Required action
Without the images, write out the whole listing exactly.

──────

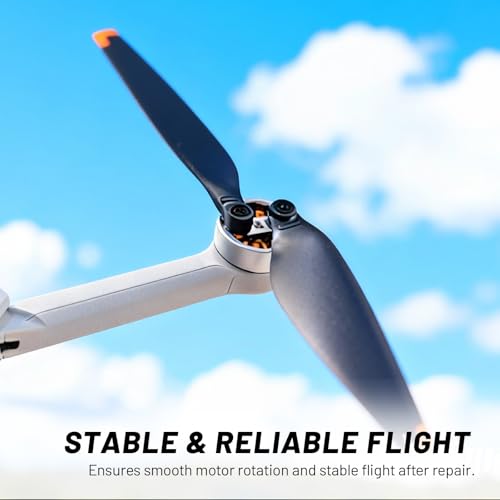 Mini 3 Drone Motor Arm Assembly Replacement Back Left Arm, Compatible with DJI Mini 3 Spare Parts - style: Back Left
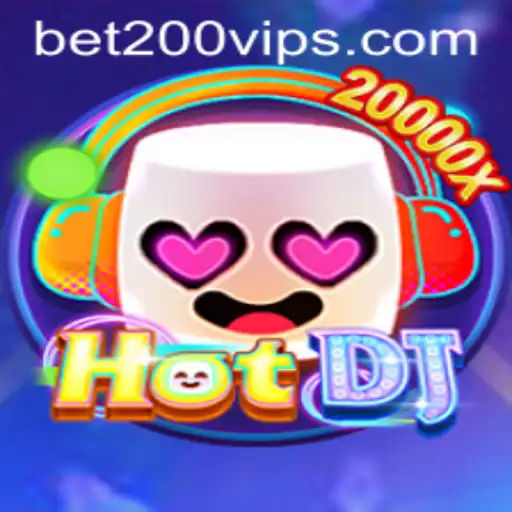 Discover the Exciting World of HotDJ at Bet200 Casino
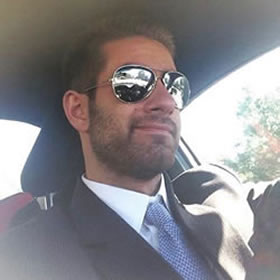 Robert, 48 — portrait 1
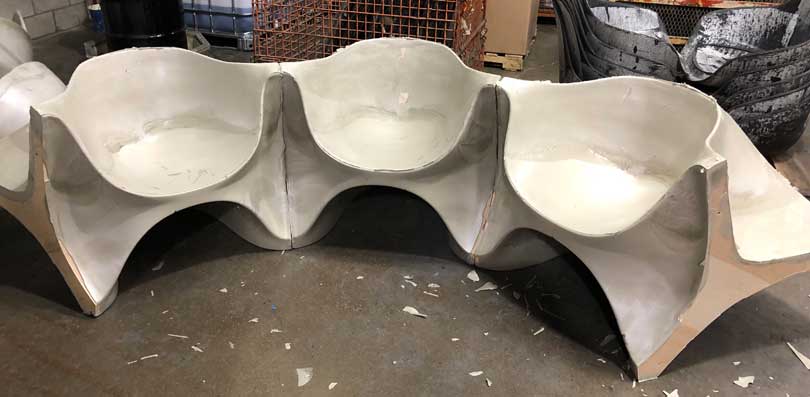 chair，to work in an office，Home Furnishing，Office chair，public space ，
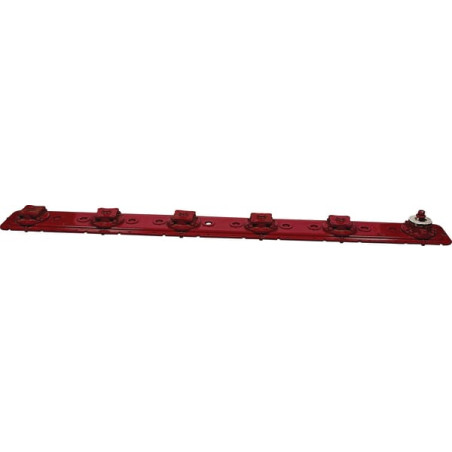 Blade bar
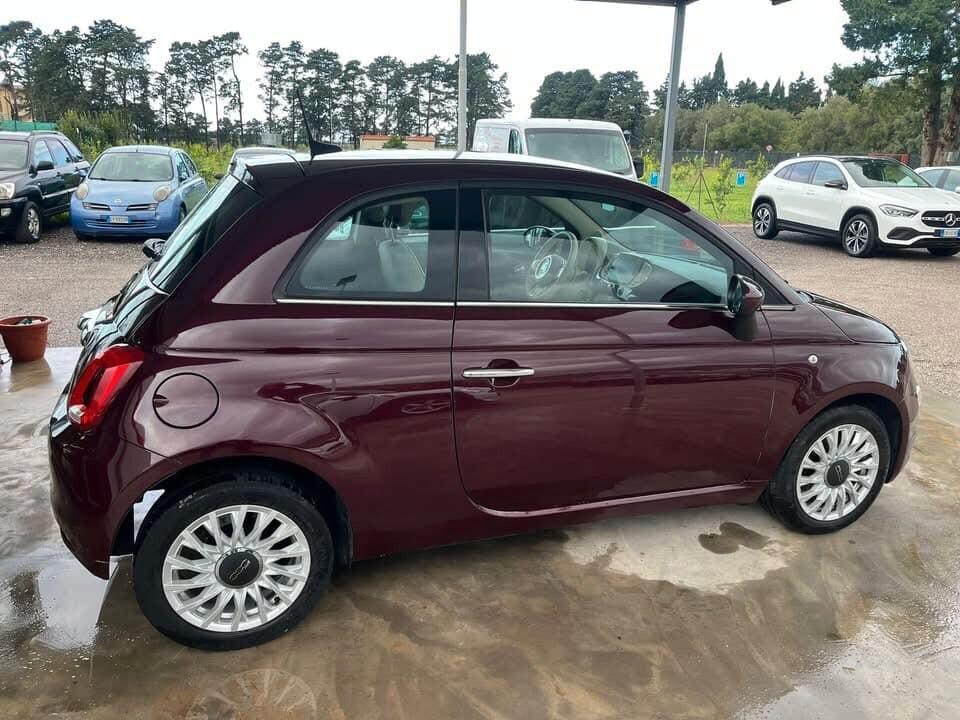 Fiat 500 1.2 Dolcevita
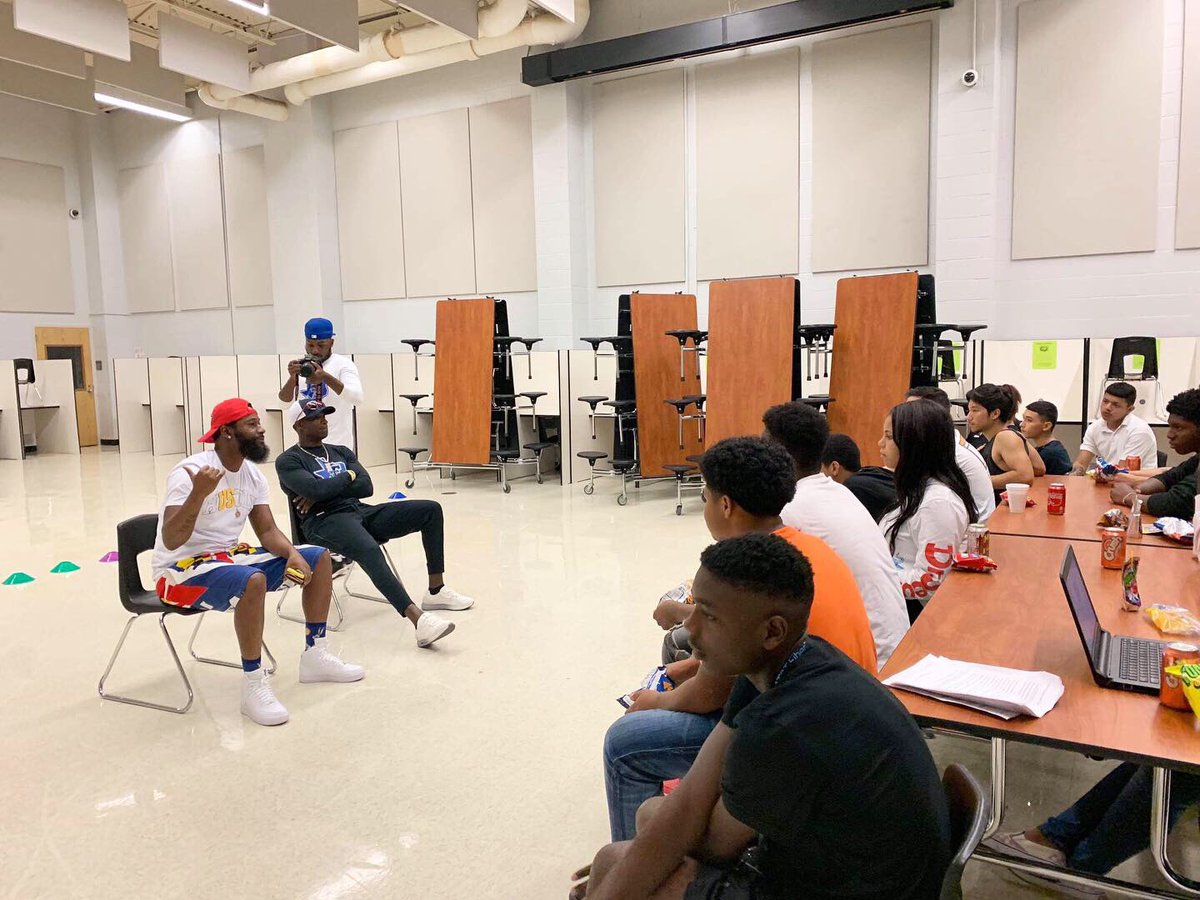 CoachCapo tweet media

──────

Your solution
 Mini 3 Drone Motor Arm Assembly Replacement Back Left Arm, Compatible with DJI Mini 3 Spare Parts - style: Back Left
 Discover the Exciting World of HotDJ at Bet200 Casino
 Robert, 48 — portrait 1
 chair，to work in an office，Home Furnishing，Office chair，public space ，
 Blade bar
 Fiat 500 1.2 Dolcevita
 CoachCapo tweet media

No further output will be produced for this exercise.